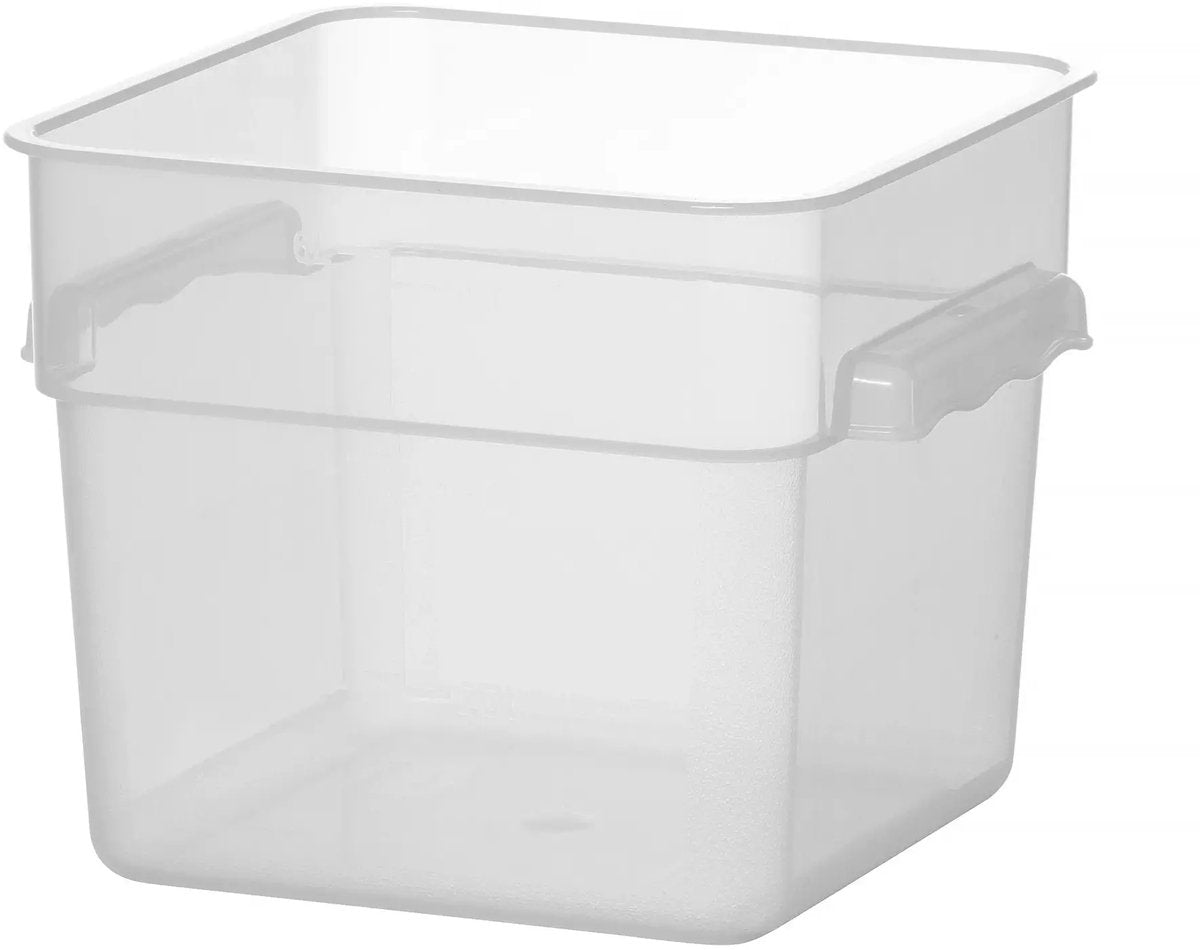 Hendi Lebensmittelbehälter 5 Liter transparent BPA-frei mit Skala, stapelbar, mikrowellengeeignet Gastronomie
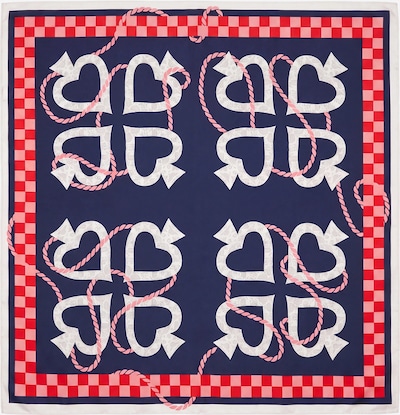 Kamila Šikl Scarf i One Size i blå / röd / vit, Produktvy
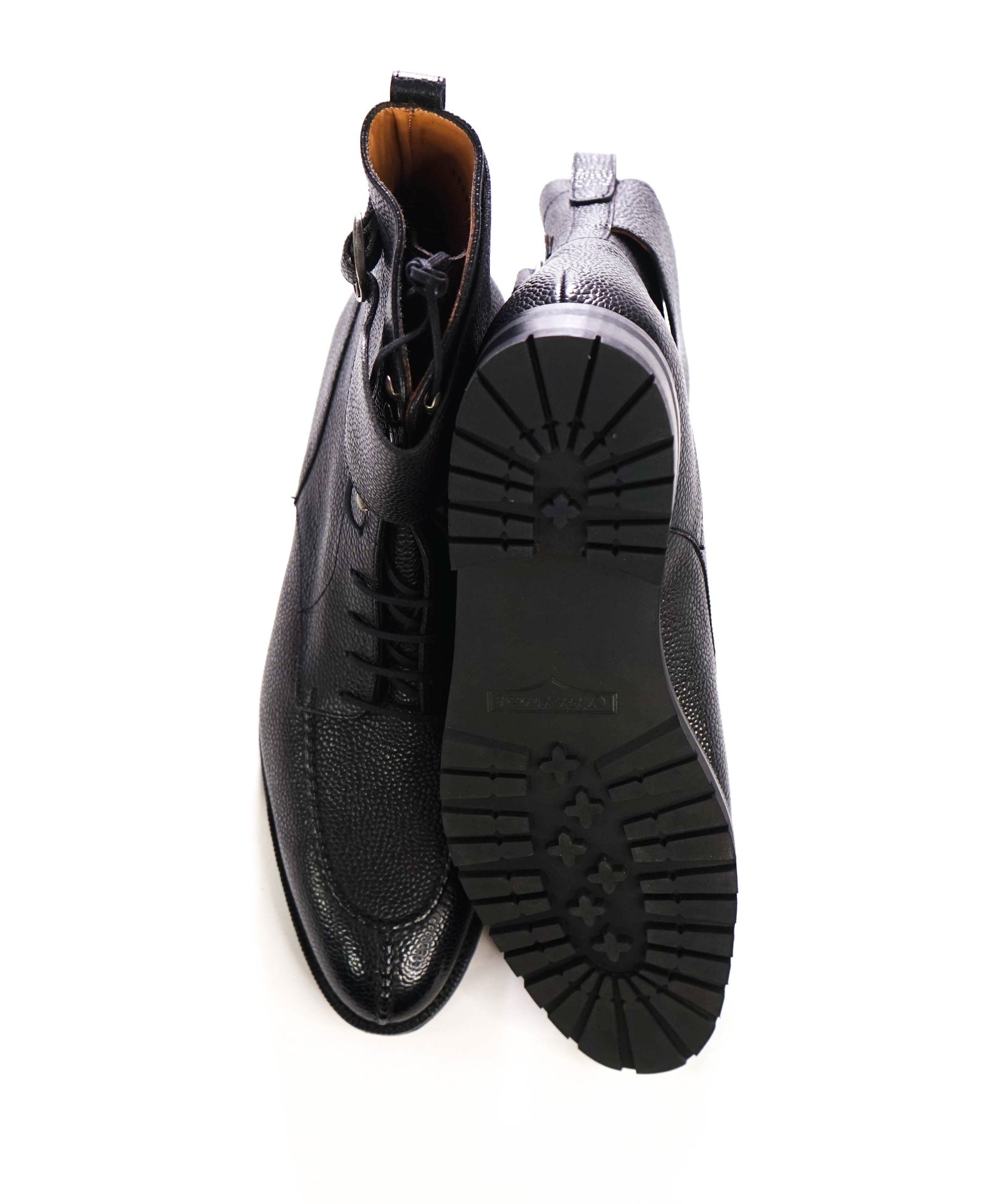 J. FITZPATRICK - Black Leather "COLVILLE" Boots - US 12 (11UK)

************

Work instruction
Each line above is to be copied verbatim. Drop any image from the copy.

Answer to this problem
 Hendi Lebensmittelbehälter 5 Liter transparent BPA-frei mit Skala, stapelbar, mikrowellengeeignet Gastronomie
 Kamila Šikl Scarf i One Size i blå / röd / vit, Produktvy
 J. FITZPATRICK - Black Leather "COLVILLE" Boots - US 12 (11UK)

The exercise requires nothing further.